You are viewing a plain text version of this content. The canonical link for it is here.
Posted to solr-user@lucene.apache.org by Mari Masuda <ma...@stanford.edu> on 2011/06/16 22:41:32 UTC

getting started

Hello,

I am new to Solr and am in the beginning planning stage of a large project and could use some advice so as not to make a huge design blunder that I will regret down the road.

Currently I have about 10 MySQL databases that store information about different archival collections.  For example, we have data and metadata about a political poster collection, a television program, documents and photographs of and about a famous author, etc.  My job is to work with the staff archivists to come up with a standard metadata template so the 10 databases can be consolidated into one.  
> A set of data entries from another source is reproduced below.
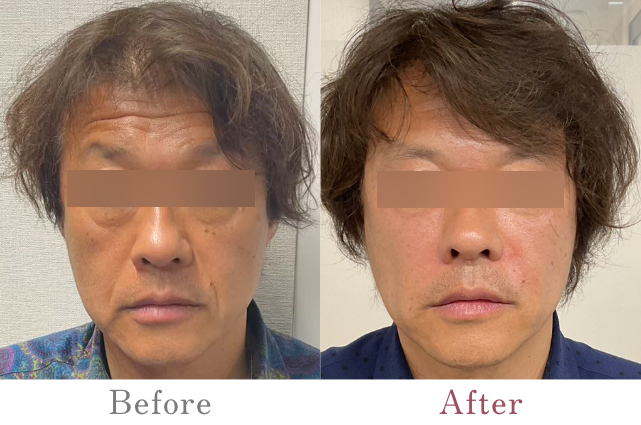 お顔全体のPRP治療（男性）：3ヶ月経過後のBefore/After比較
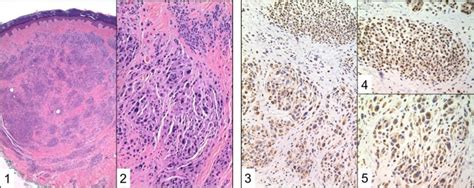 Maybe you would like to learn more about one of these? BAP1 cancer syndrome: malignant mesothelioma, uveal and ...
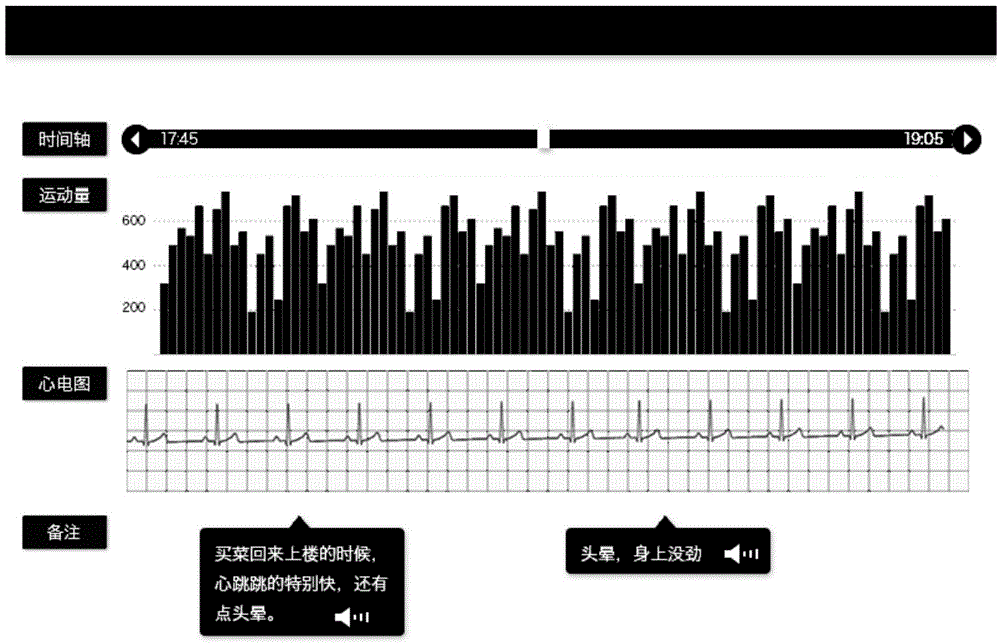 一種結(jié)合使用者運(yùn)動(dòng)量和感官主訴的心電圖診斷方法與流程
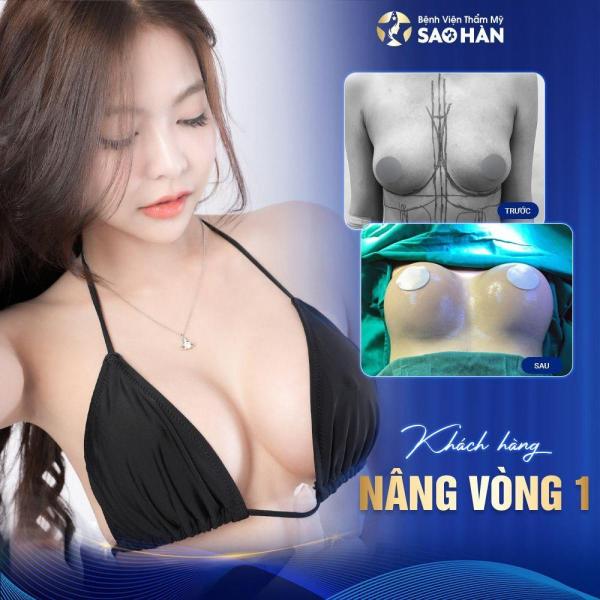 Thu gọn đầu vú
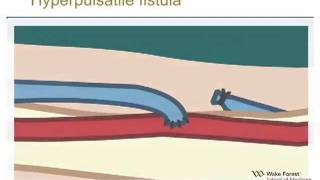 Physical Examination of Arteriovenous Fistula [upl. by Rao]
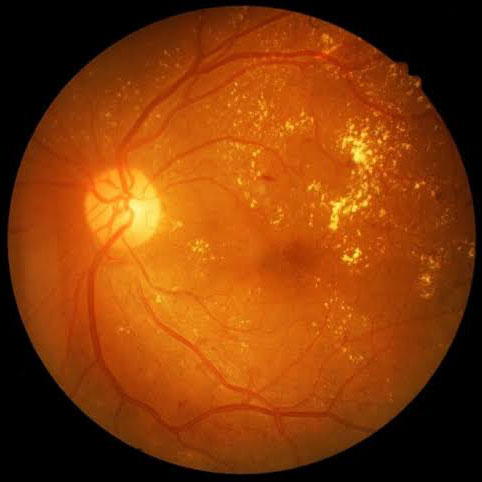 retinopatia-diabetica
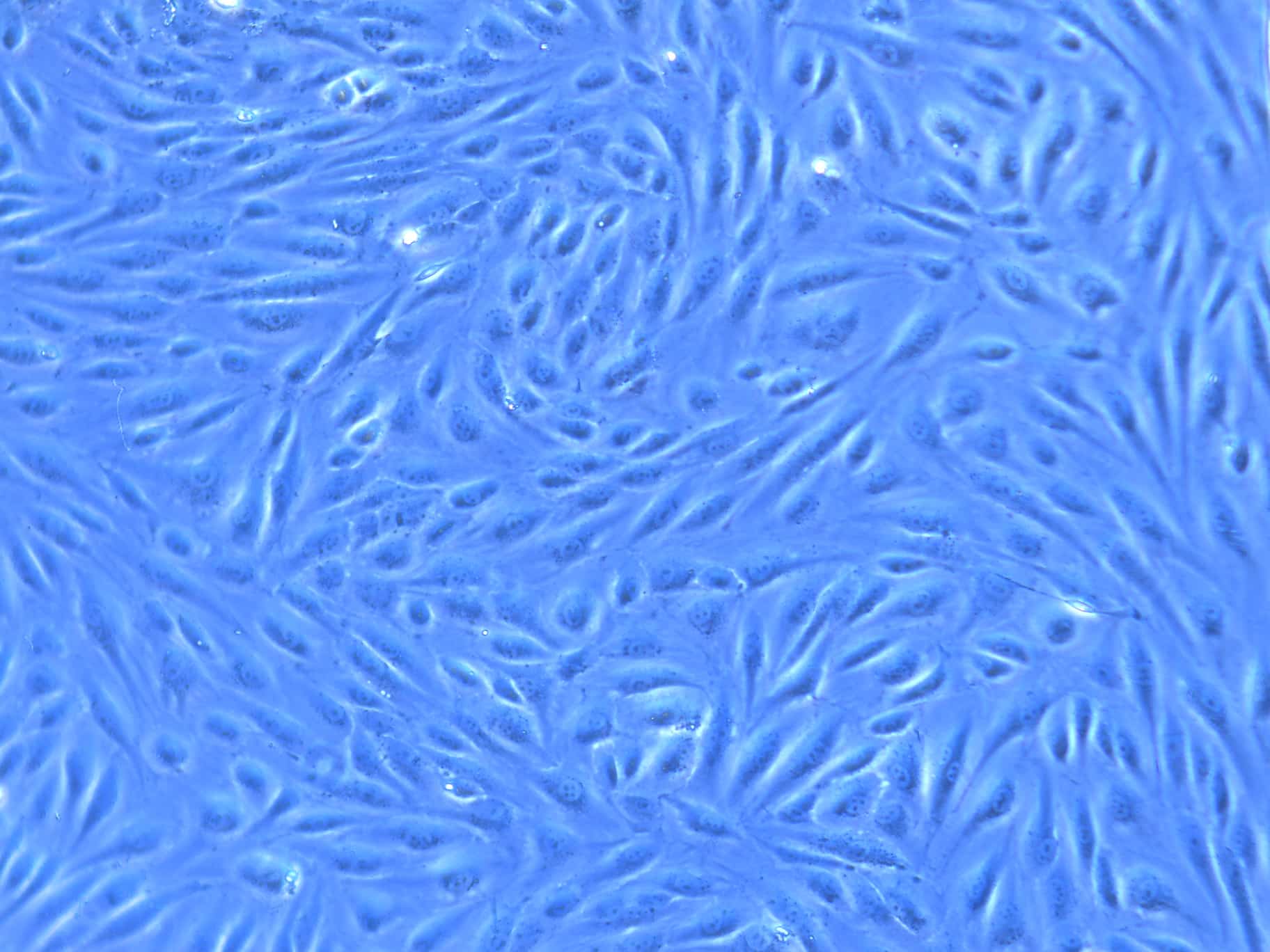 Huvec cells after omi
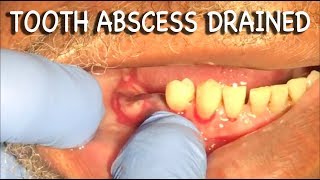 Infected Tooth Abscess Drained  Graphic⚠️ [upl. by Aralc]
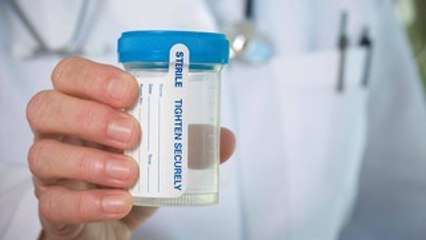 5 Tricks to Pass a Drug Test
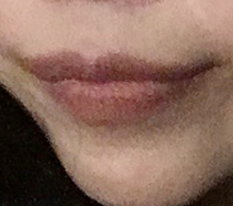 I can smile confidently thanks to my mouth corners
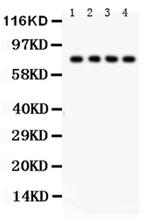 TNFR2 Antibody in Western Blot (WB)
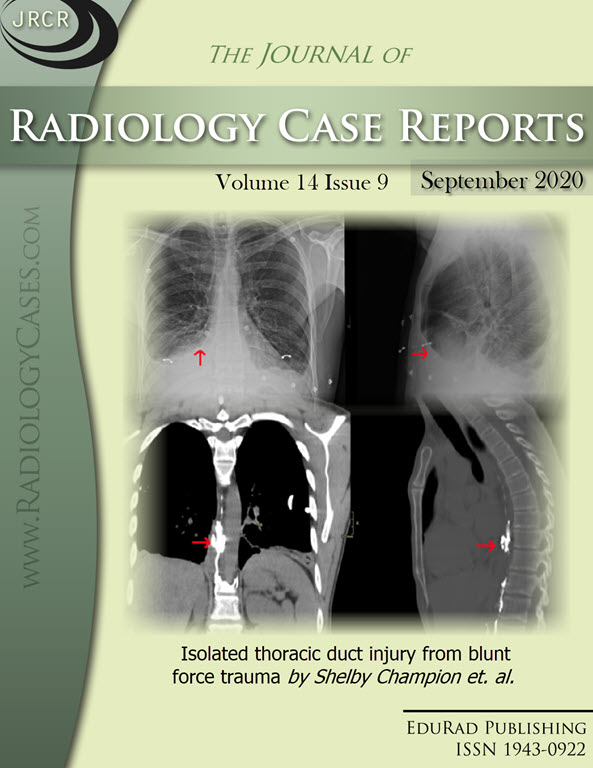 Isolated thoracic duct injury from blunt force trauma by Shelby Champion et. al.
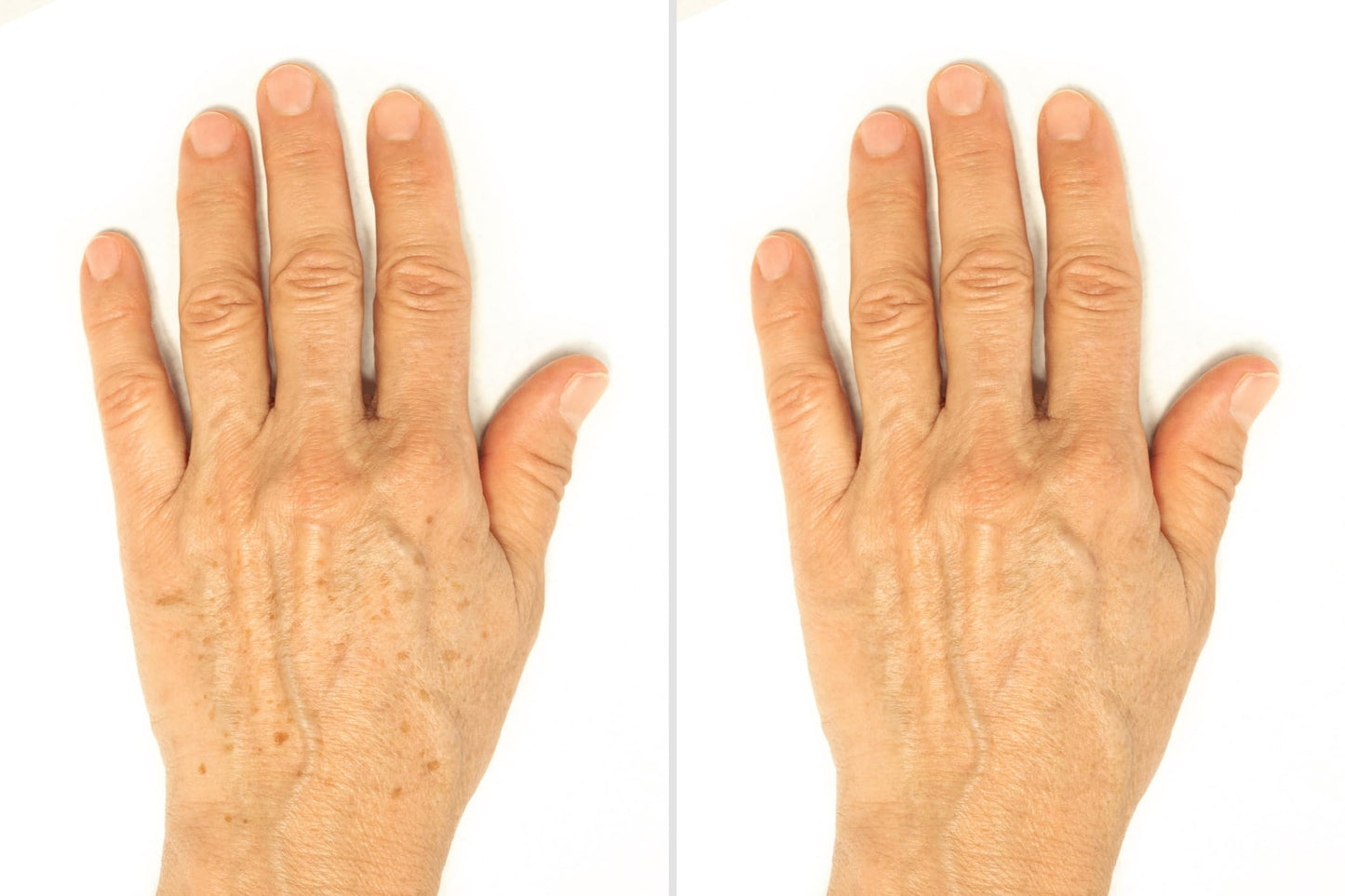 Vitality Precision Skin Micro-Exfoliating Scrub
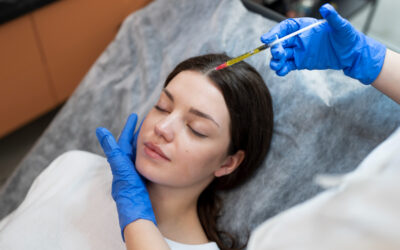 Microneedling Essentials: Here’s What You Need to Know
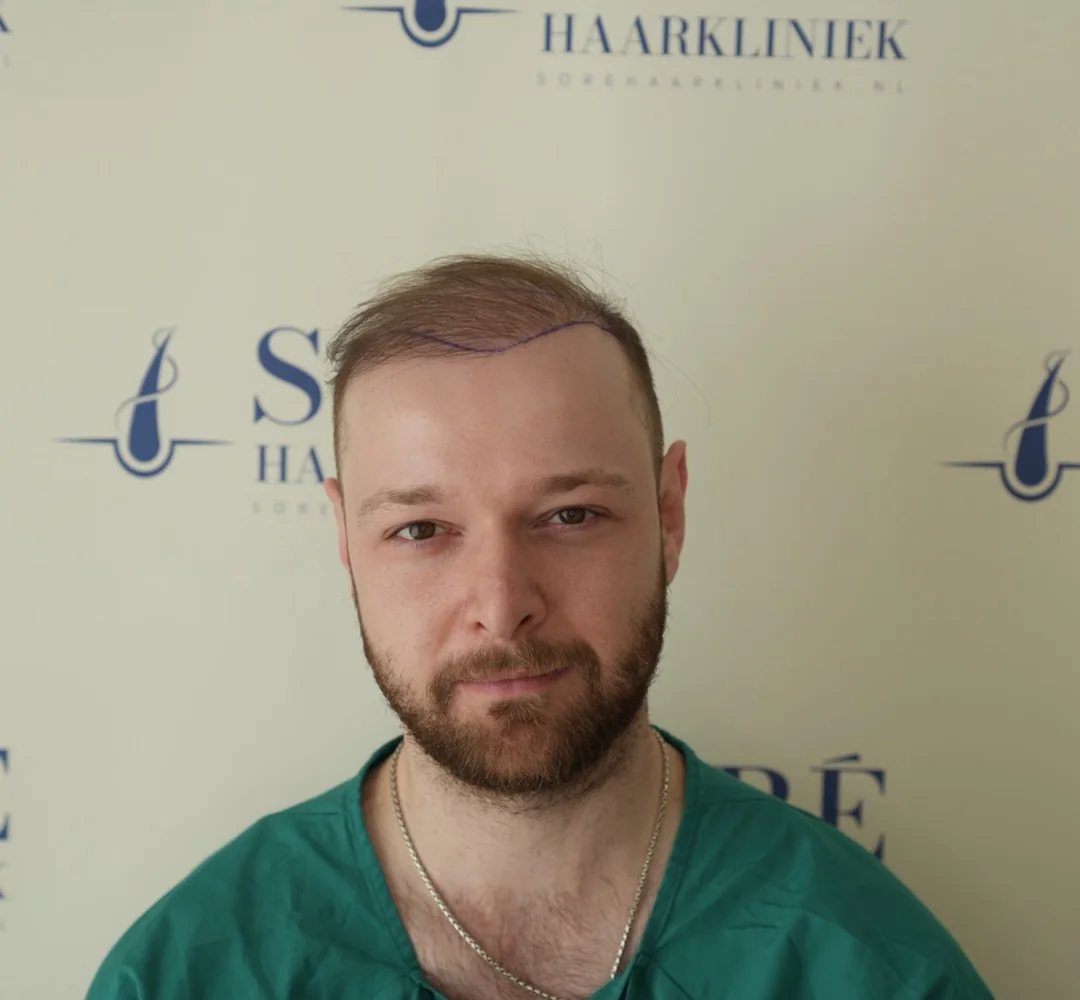 Haartransplantatie van Anton - beeld voor de behandeling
Currently the info in these databases is accessed through 10 different sets of PHP pages that were written a long time ago for PHP 4.  My plan is to write a new Java application that will handle both public display of the info as well as an administrative interface so that staff members can add or edit the records.

I have decided to use Solr as the search mechanism for this project.  Because the info in each of our 10 collections is slightly different (e.g., a record about a poster does not contain duration information, but a record about a TV show does) I was thinking it would be good to separate each collection's index into a separate Solr core so that commits coming from one collection do not bog down the other unrelated collections.  One reservation I have is that eventually we would like to be able to type in "Iraq" and find records across all of the collections at once instead of having to search each collection separately.  Although I don't know anything about it at this stage, I did Google "sharding" after reading someone's recent post on this list and it sounds like that may be a potential answer to my question.  Does anyone have any advice on how I should initially set up Solr for my situation?  I am slowly making my way through the wiki and RTFMing, but I wanted to see what the experts have to say because at this point I don't really know where to start.

Thank you very much,
Mari

Re: getting started

Posted by Jonathan Rochkind <ro...@jhu.edu>.
On 6/16/2011 4:41 PM, Mari Masuda wrote:
> One reservation I have is that eventually we would like to be able to type in "Iraq" and find records across all of the collections at once instead of having to search each collection separately.  Although I don't know anything about it at this stage, I did Google "sharding" after reading someone's recent post on this list and it sounds like that may be a potential answer to my question.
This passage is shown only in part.